Keep the soup recipe because it gives you some additional options such as adding crab or shrimp, for example, which would be through the roof with chardonnay :)
re: Chicago Mike
I'm not specifically familiar with that branded wine.... but "dolce" definitely designates a sweet sparkling wine which would be one of several obvious matches for a fresh fruit based dessert. Great choice, what led you to that particular wine ??
Also, next time you might try a Moscato d'Asti which would have a similar fine match with a fruity dessert.
Salmon appetizer: my first choice would be an inexpensive Gruner Veltliner, like Huber's lovely "Hugo" bottling. An Alsatian Riesling or a German or Austrian with a fairly low level of residual sugar would also do the trick. Ditto a Sancerre or other dry Sauvignon Blanc. Or choose a dry white bubbly (Champagne, Vouvray, Crémant de Bougogne, etc.).
Pea soup: many chefs and wine experts suggest not serving wine with soup. That said, the green flavours would put me in mind of a Sauvignon Blanc or a Gruner Veltliner.

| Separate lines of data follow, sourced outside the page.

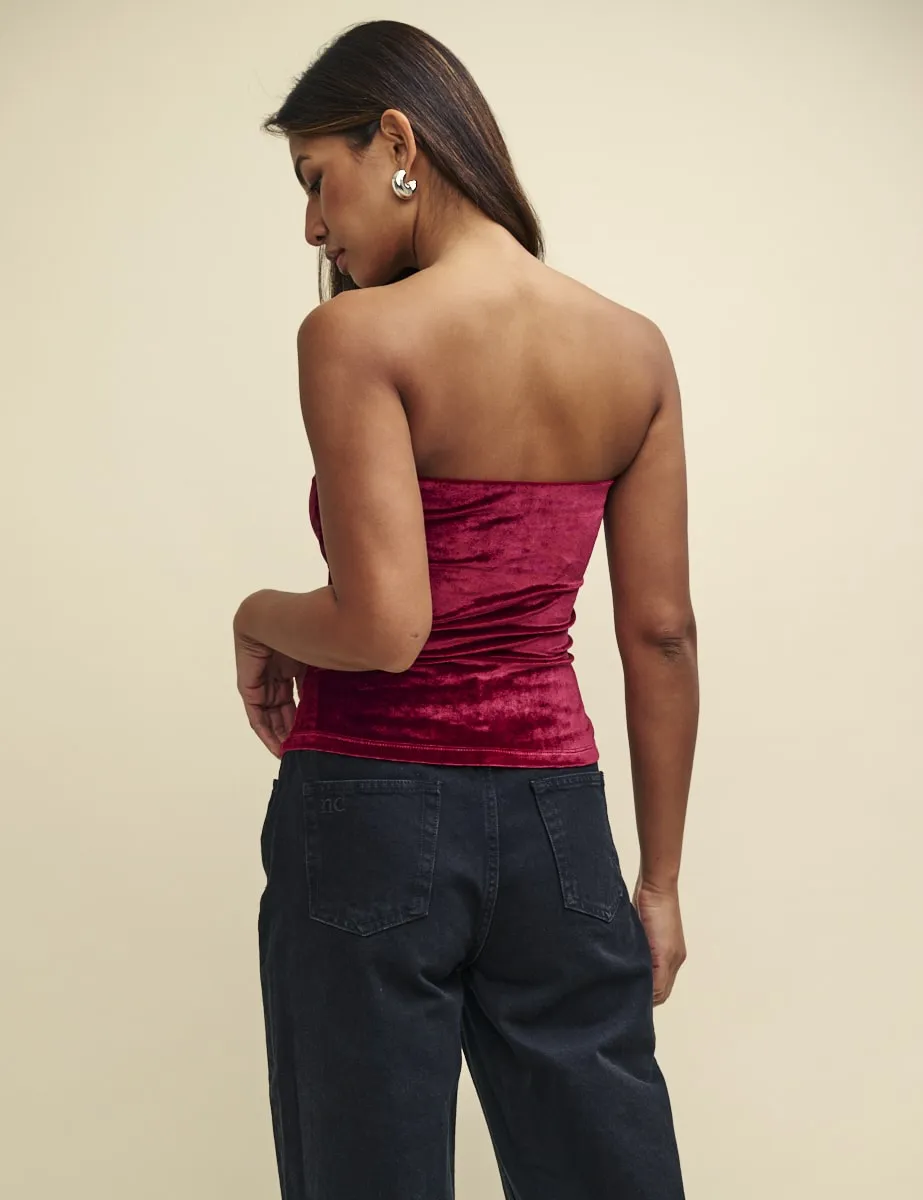Burgundy Velvet Bandeau Top sold by Nobody's Child product image thumbnail 3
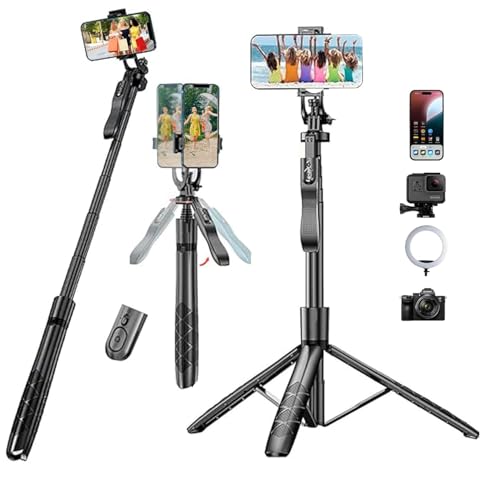Hold UP Selfie Stick Tripod 61" All in One Extendable Mobile Selfie Stick Tripod Stand with Wireless Remote 360° Rotation for iPhone and Android Phone Selfies, Video Recording. - Image 1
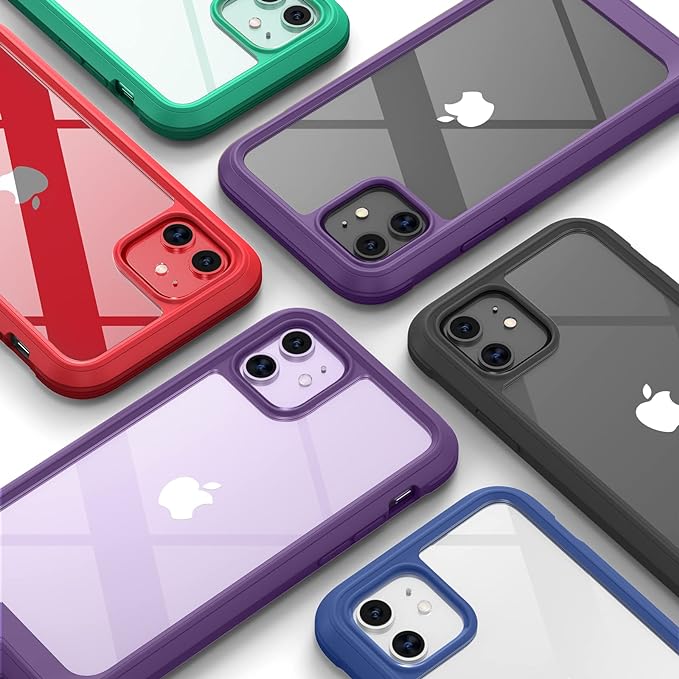 Diaclara Compatible with iPhone 11 Case, Full Body Rugged with Built-in Touch Sensitive Anti-Scratch Screen Protector, Soft TPU Bumper Case Clear Compatible with iPhone 11 6.1" (Purple and Clear)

Lamb and orzo: lamb is about as red-friendly a meat as you'll get, and there's not enough lemon or tomato to change that. The spicing for your recipe is Provençal, so I'd probably reach for a rich Grenache-based Côtes-du-Rhône (including Gigondas, Vacqueyras, etc.) or similar wine from the Languedoc or New World. A Rioja or Ribera del Duero would be fine, as would a Zinfandel or Syrah/Shiraz.
Salad: asparagus, especially in a vinaigrette, is tough to pair. Assuming you aren't adverse to going from a heavyweight red to a lighter white, a dry Muscat or Viognier might be your best bet.
Rhubarb is inimical to fine wine. You could probably get away with a sweet bubbly, a moscato or, especially if the proportion of stawberries were high, a Maury, Banyuls or Riversaltes.